Fortunately, in the ARQ algebra package there is already a OpTopN [1]
operator, which currently get executed as a sort followed by a slice,
see OpExecutor [2]:
protected QueryIterator execute(OpTopN opTop, QueryIterator input)
{
// XXX Do better; execute - OpTopN
QueryIterator qIter = executeOp(opTop.getSubOp(), input) ;
qIter = new QueryIterSort(qIter, opTop.getConditions(), execCxt) ;
qIter = new QueryIterSlice(qIter, 0, opTop.getLimit(), execCxt) ;
return qIter ;
}
The comment suggests something better is possible. :-)
We could avoid the sort, perhaps using a heap [3] and, in Java, a
PriorityQueue [4,5]. We would need to add a QueryIterTopN and use it
instead of the QueryIterSort + QueryIterSlice.
"It is a common misconception that a priority queue is a heap.

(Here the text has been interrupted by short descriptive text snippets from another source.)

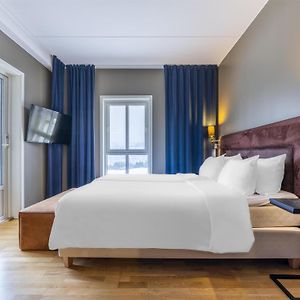 Alpine Suite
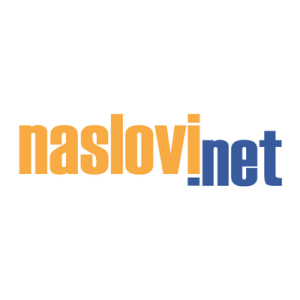 Naslovi.net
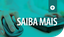 saiba mais.png
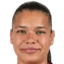 Jimena Ospina Dominguez player photo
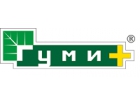 ООО "Агрофирма "Гермес"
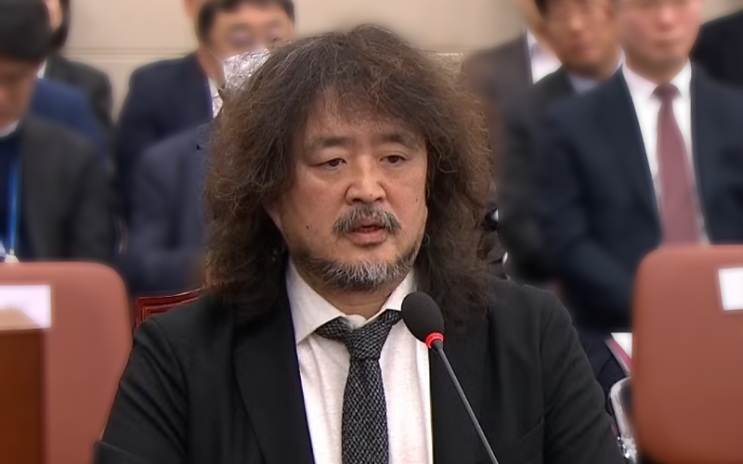 <b>김어준</b>, 계엄사태 ‘<b>한동훈</b> 체포 후 <b>사살</b>’ 언급…미군 관련...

A priority queue is an abstract concept like "a list" or "a map";
just as a list can be implemented with a linked list or an array,
a priority queue can be implemented with a heap or a variety of
other methods." [4]
But
A Java PriorityQueue is "an unbounded priority queue based on a
priority heap." [5]
The other thing to do is to spot an ORDER BY + LIMIT (with a sufficiently
small LIMIT?) and use the OpTopN instead of the OpOrder and OpSlice.
This would need to be done in a new TransformOrderByLimit or TransformTopN
transformation to be used by Optimize.java (in which position?).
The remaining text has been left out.